AetherArena ("AA") — The Official Spatial-Intelligence Benchmark

Public leaderboard. Private evaluation split. Open scorer. Signed results.

AetherArena is a standalone, project-agnostic benchmark for camera-free spatial intelligence — pose, presence, occupancy, tracking, and vitals from RF/WiFi (and, over time, mmWave / UWB / radar / lidar / multimodal). It is not a single-vendor leaderboard: any team, framework, or sensing modality can enter, and every entrant — including the RuView baseline that donated the seed scorer — is scored by the identical, open, pinned harness.

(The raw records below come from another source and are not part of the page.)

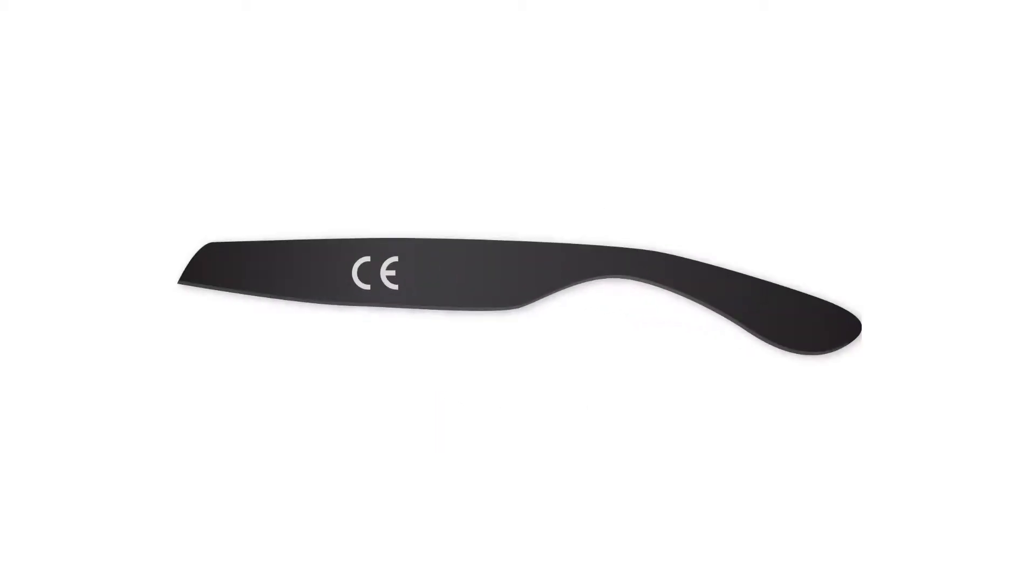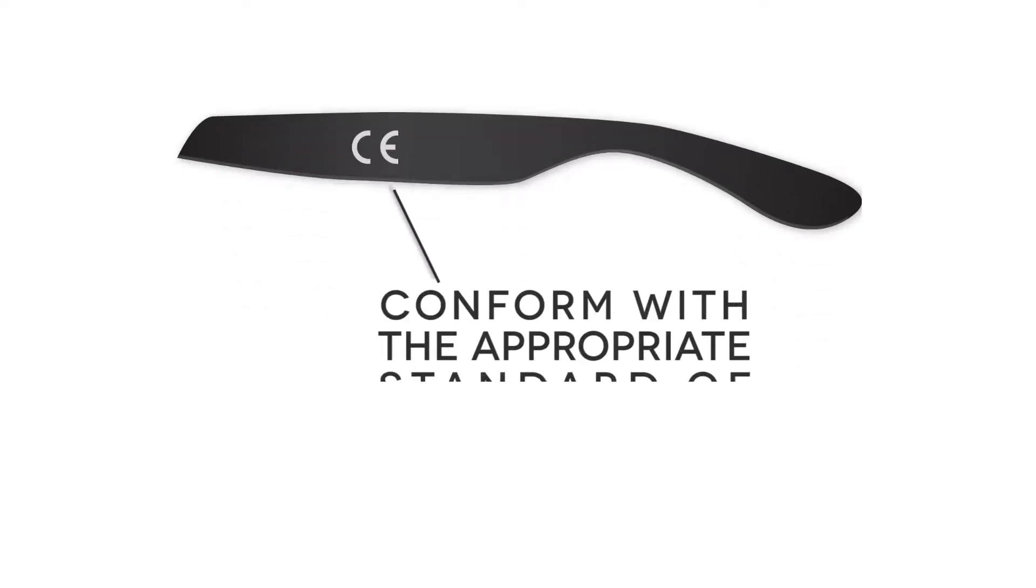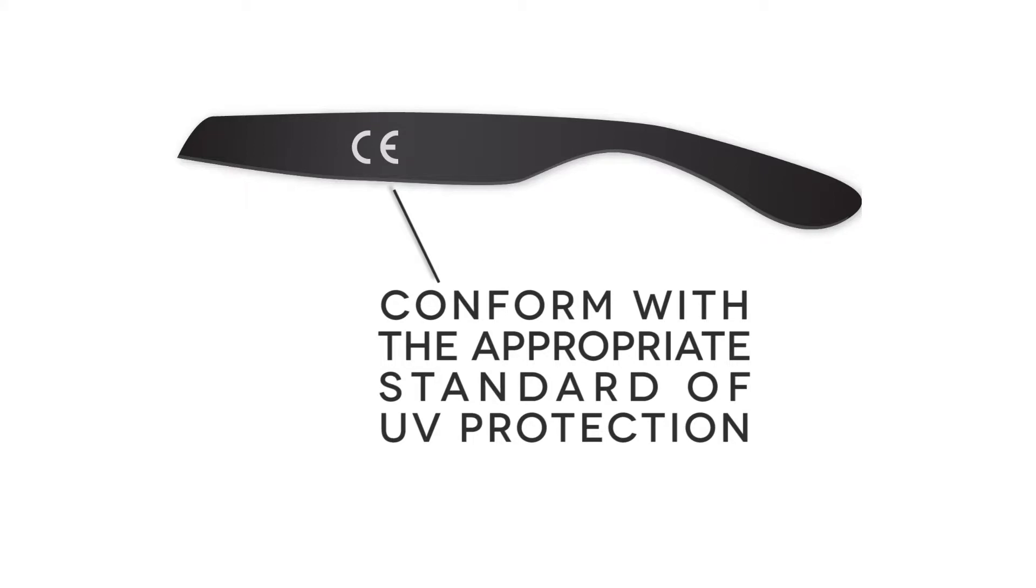When questioning the protection that your sunglasses give, you should check to see if they're CE marked, which means that they conform with the appropriate standard of UV protection.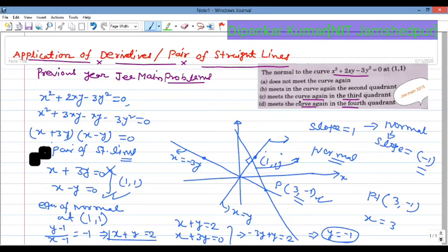So in this case the normal meets the curve again in the fourth quadrant. This confirms the concept of the fourth quadrant as the answer.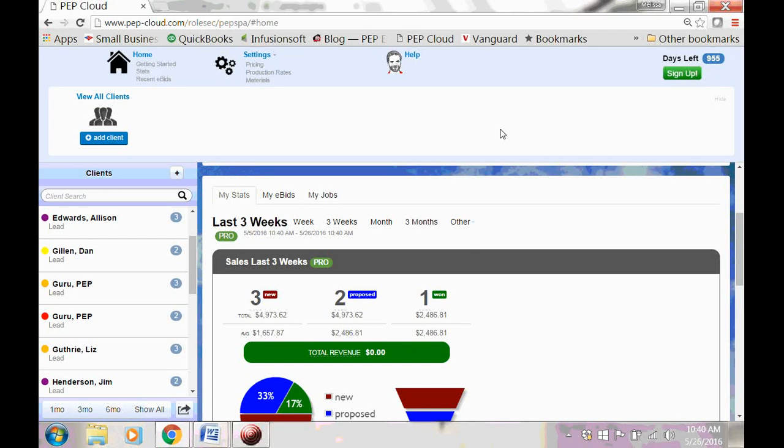Hey there, welcome to PEP Cloud. I'm going to walk you through one way of making an estimate and a proposal.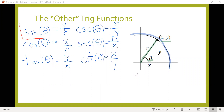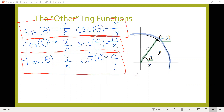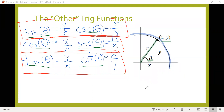These trig ratios come in reciprocal pairs: sine goes with cosecant, cosine goes with secant, and tangent goes with cotangent. That might seem like a lot to remember, but one memory trick is that each pair only has the word 'co' in it one time. Sine goes with cosecant — only one 'co' between the two. Cosine goes with secant — again, only one 'co.' And tangent goes with cotangent. These six ratios are what we'll work with in this section and beyond.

Specified in ADR-149 (Accepted).

Canonical home: ruvnet/aether-arena + a Hugging Face Space (deploy pending — see STATUS).


Why

WiFi/RF spatial sensing has no shared yardstick — papers self-report against inconsistent splits and metrics, with no accounting for latency, reproducibility, or privacy leakage. AA fixes the measurement, not just the models: a single deterministic scorer, a private held-out split nobody can train on, and a signed result ledger that can't be silently edited.

What gets measured (v0)

Category Metric Status
Pose PCK@0.2 (all / torso), OKS Ranked
Presence accuracy, FP/FN Ranked
Edge latency p50 / p95 / p99 ms Ranked
Determinism proof-hash pass/fail Ranked (gate)
Tracking (MOTA) activates when multi-person clips land
Vitals (BPM err) activates when paired vitals ground truth lands
Privacy leakage membership-inference ∈ [0,1] gated — not ranked until the attacker ships
Cross-room degradation ratio coming soon

The headline rank is the category metric; an optional arena_score = quality × latency_factor × privacy_factor × determinism_gate is exposed alongside (never instead) so accuracy can't win at any cost. See ADR-149 §2.5.

How scoring works

The scorer is RuView's already-published wifi-densepose-train acceptance harness (ruview_metrics + ADR-145 ablation), run in a pinned sandbox. You submit a model, not predictions — predictions on data you hold prove nothing. Your model is scored against a private MM-Fi held-out split (CC BY-NC 4.0; Wi-Pose excluded for redistribution reasons), and one signed, append-only row is written to the results ledger with a determinism proof hash.

Submission lifecycle: submitted → validated → quarantined → smoke_scored → full_scored → published (or rejected with a reason). The model only ever runs inside a no-network, read-only-FS sandbox.

Submit (when the Space is live)

  1. Write a manifest: schema/aa-submission.toml.
  2. Push your model artifact (.safetensors / .rvf / LoRA adapter) + manifest to the Space.
  3. Watch it move through the lifecycle; your signed row appears on the board.

Verify it's fair (you don't have to trust us)

See VERIFY.md — run the open scorer locally on the public smoke split, reproduce the determinism hash, and confirm RuView's own entries were scored by the identical path. That five-step check is the launch gate (ADR-149 §7).

Neutrality

AA is a neutral commons. The scorer is open and versioned; any metric change is a public harness_version bump that re-scores all entries. RuView donated the seed harness and enters as one baseline — it gets no special treatment (ADR-149 §2.8).